Ordered that the appeals from the orders are dismissed; and it is further,

Ordered that the judgment is reversed, on the law, the motion and cross motion of the defendant Baisch, Inc., are granted, the answer of the defendant Baisch, Inc., is reinstated, the complaint is dismissed insofar as asserted against the defendant Baisch, Inc., the action against the remaining defendants is severed, and the orders are modified accordingly; and it is further,

Ordered that one bill of costs is awarded to the defendant Baisch, Inc.

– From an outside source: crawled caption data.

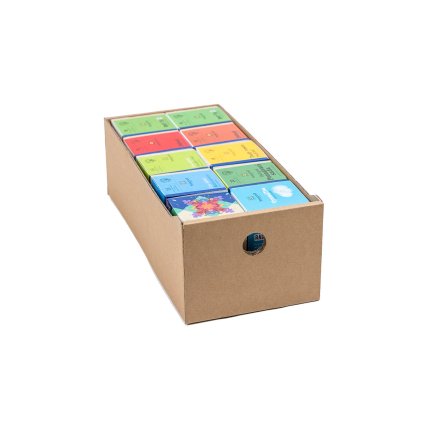 Úložné boxy na oblečení, organizéry do skříně EKO KARTON 18x40x13cm - zásuvka
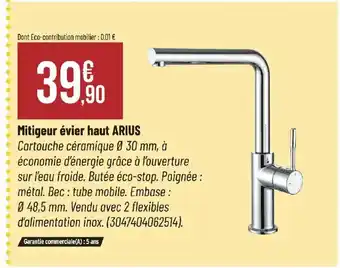 Bricorama ARIUS Mitigeur évier haut offre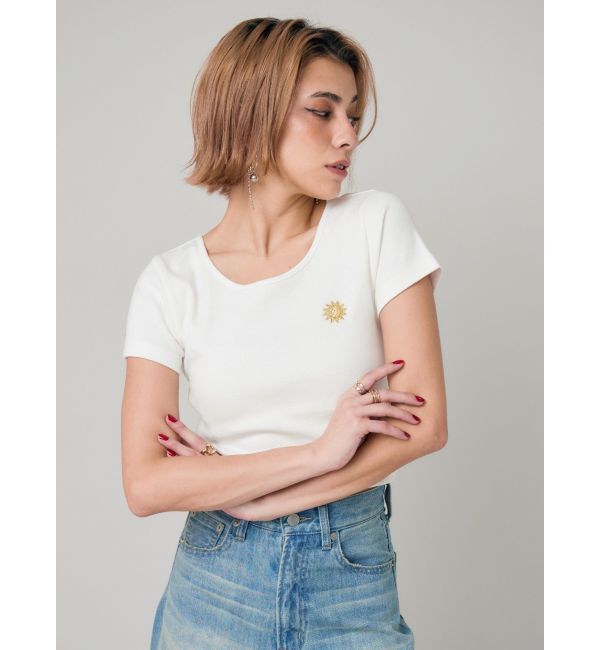 EVRIS「SUNNYショートTシャツ」|Tシャツ・カットソー|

The appeals from the intermediate orders must be dismissed because the right of direct appeal therefrom terminated with the entry of judgment in the action (see Matter of Aho, 39 NY2d 241, 248 [1976]). The issues raised on the appeals from the *496orders are brought up for review and have been considered on the appeal from the judgment (see CPLR 5501 [a] [1]).

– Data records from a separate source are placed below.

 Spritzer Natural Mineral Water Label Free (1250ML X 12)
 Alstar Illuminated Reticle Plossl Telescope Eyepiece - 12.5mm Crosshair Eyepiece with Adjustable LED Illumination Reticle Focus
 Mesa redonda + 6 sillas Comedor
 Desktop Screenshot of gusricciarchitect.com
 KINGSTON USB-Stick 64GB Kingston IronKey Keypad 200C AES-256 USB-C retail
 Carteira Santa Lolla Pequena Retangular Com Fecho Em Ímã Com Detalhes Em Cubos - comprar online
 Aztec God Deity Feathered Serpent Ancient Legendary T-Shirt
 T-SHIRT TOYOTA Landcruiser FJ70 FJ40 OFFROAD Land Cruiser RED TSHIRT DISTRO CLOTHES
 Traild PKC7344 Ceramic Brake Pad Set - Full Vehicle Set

Contrary to the Supreme Court’s determination, the cross motion of the defendant Baisch, Inc. (hereinafter Baisch), for summary judgment should have been granted. This was a second motion for summary judgment, based upon evidence and theories developed during discovery, and not a motion for leave to renew or reargue its prior motion. Accordingly it was properly made and should not have been denied, as it was, by the Supreme Court for failing to comply with CPLR 2221 (see Matter of Mega Personal Lines, Inc. v Halton, 9 AD3d 553 [2004]; McNeil v Wagner Coll., 246 AD2d 516 [1998]; La Freniere v Capital Dist. Transp. Auth., 105 AD2d 517 [1984]; see also Adamo v State of New York, 13 AD3d 472 [2004]).

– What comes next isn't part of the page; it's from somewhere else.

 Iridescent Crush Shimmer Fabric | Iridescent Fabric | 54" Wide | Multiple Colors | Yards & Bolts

On the merits, Baisch was entitled to summary judgment. Substantively, the complaint alleged causes of action sounding in a failure to pay for goods had and received, and for an account stated. The plaintiffs witness admitted that the plaintiff had not sold any goods to Baisch, nor had it submitted any invoices and/or statements to Baisch. This was sufficient to make out Baisch’s prima facie case for summary judgment dismissing the complaint insofar as asserted against it. In response, the plaintiff failed to raise a triable issue of fact (see generally Alvarez v Prospect Hosp., 68 NY2d 320, 324 [1986]). While the complaint also seeks an award of an attorney’s fee per an agreement, it is clear that the plaintiff abandoned this cause of action and that no such agreement existed.

While the parties have also raised and argued the issue of whether or not Baisch is liable as a guarantor of the debt of the codefendants, the pleadings do not allege a cause of action based on a guarantee and there has been no motion to amend the pleadings to conform to the proof. Under the circumstances of this case, we decline to exercise our authority to, sua sponte, amend the pleadings to conform them to the proof (cf. AVR Acquisition Corp. v Schorr Bros. Dev. Corp., 270 AD2d 372 [2000]).

We note that counsel for Baisch made a sufficient showing that he was unaware of the pretrial conference on February 28, 2005, so as to excuse his failure to attend it (see Adamo v State of New York, 13 AD3d 472 [2004]). Thus, the motion to vacate both Baisch’s default in appearing and the striking of its answer should have been granted.

In light of this determination, we need not reach the parties’ remaining contentions. Florio, J.P, Adams, Santucci and Lunn, JJ., concur.